The three protesters who were filmed planning violence during the Trump inauguration by undercover agents of Project Veritas have all pleaded guilty and gotten off with no jail time.

An anti-Trump protester pleaded guilty Tuesday to conspiracy for his role in plotting to shut down an inaugural ball by setting off stink bombs and sprinklers. Scott Ryan Charney, 34, was sentenced to community service after agreeing to plead guilty to a charge of conspiracy to commit assault after he was caught on videotape discussing the scheme by Project Veritas.
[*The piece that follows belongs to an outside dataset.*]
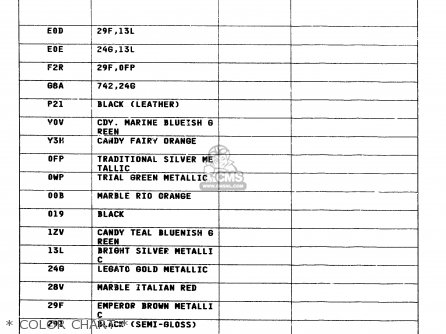 * COLOR CHART * - GSF600U 1995 (S) GERMANY (E22)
Charney was the third of three members of the D.C. Anti-Fascist Coalition charged with conspiracy after being captured on hidden-camera video at the Comet Ping Pong pizza parlor in Washington, D.C. Paul “Luke” Kuhn and Colin B. Dunn were sentenced Thursday to community service but no jail time after entering guilty pleas in D.C. Superior Court on unlawful conspiracy to commit an offense.

This is par for the course. Leftwing and Democratic protesters can do whatever they want, including planning and even committing life-threatening violence, and receive no punishment. Rightwing and Republican protesters can sneeze in the wrong direction and end up spending years and their life savings trying to avoid heavy prison sentences or the destruction of their lives.